Descubrir que siendo chavos nos gustan los chavos, descubrir una orientación sexual diferente, conforme pasan los días y el tiempo, lleva a ir descubriendo otras muchas cosas nuevas.

Por ejemplo, cuáles son nuestros gustos, lo que nos agrada y lo que no. Después buscamos información por ahí, y después nos vamos animando a conocer personas y a saber cómo son. Y relacionarnos con ellos, ya sea como amigos o algo más. O quizá el orden sea al revés, no sé.

 

 

La travesía del descubrimiento personal puede decirse que es algo que dura siempre. Sin embargo esta etapa es una de las mas intensas. Porque muchas cosas serán totalmente nuevas, diferentes lugares, diferentes personas, diferentes amigos, y diferentes tipos de relación. De las que seguramente nadie te haya hablado.

Hacer todos estos descubrimientos puede ser algo inquietante o incluso excitante. Y esto aunado a la inexperiencia puede llevarnos a varias sorpresas. Algunas agradables y otras no tanto. Por eso es que hay que estar atentos a los riesgos que puedan acechar. Finalmente el responsable de la propia seguridad, es uno mismo.

 

Vivir siempre temeroso o ser un superaventado irresponsable son los dos extremos de una amplia gama de formas de ser. Cada quien, de acuerdo con lo que quiere, con lo que ha vivido, y con su sentido común decidirá que experiencias son las que quiere vivir y cuales no. Cuáles ahora y cuáles después.

 

 

Así por ejemplo, puede llegar tu primer beso con un chavo, o tus primeros intentos por ligarte a alguien. Tus primeros enamoramientos y también, las primeras rupturas y el desamor. Los primeros acercamientos físicos y las primeras relaciones sexuales y las diferentes formas de hacerlas. Las primeras confusiones entre la amistad y el amor y demás cosas.

 

 

Quizá también, en ese camino cometamos algunos errores.

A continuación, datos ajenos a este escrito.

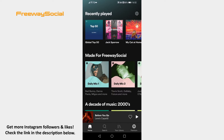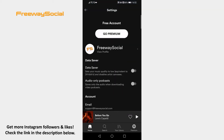Open Spotify app on your mobile device and login to your profile if you haven't already done that. Tap on the gear icon at the upper right corner of your screen. Click on your username.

En estos menesteres quizá busquemos un libro mágico que nos diga que hacer para no cometerlos, pero la verdad es que no lo hay. Todo esto es un viaje personal que a todos nos toca recorrer, ir descubriendo y tomando nuestras propias decisiones.

 

Aunque siempre hay algo que ayuda: ser siempre honestos, estar atento a lo que pasa y no causar daño deliberadamente a los demás, siempre nos puede evitar muchos problemas. Y mantendrá limpia la conciencia y todo lo que hagamos. Así se puede ser realmente libre.

 

La vida suele tener sus altas y sus bajas y puede haber momentos en los que nos sintamos frustrados o decepcionados, perdidos o sin saber que hacer, incluso puede haber cosas que puedan llegar a doler. Pero hay que estar dispuestos siempre a reponerse y aprender, para que en el futuro tengamos más idea de que hacer. Cuando vaya todo mal, piensa que siempre habrá alguna manera de salir del embrollo. Todos tenemos una reserva de paz dentro de nosotros mismos, aún en los momentos mas inconvenientes. Busca esa paz en tu interior y eso te ayudará a tomar mejores decisiones.

 

En todo este camino quizá no haya quien te oriente, o quizá todos te digan que hacer. Siempre actúa inteligentemente y en caso de duda, aunque se escuche cursi, deja que tu (L) decida. consteee, tu (L) no tu hígado. Si no sabes escuchar bien lo que te dice, trata de escucharlo más seguido. Así aprenderás su idioma.

 

 

 

 

 

Y la vida ofrece también innumerables alegrías. Vívelas y trata de que sean muchas! Compártelas (las alegrías)!

En el camino cuídate, y Pásala chido!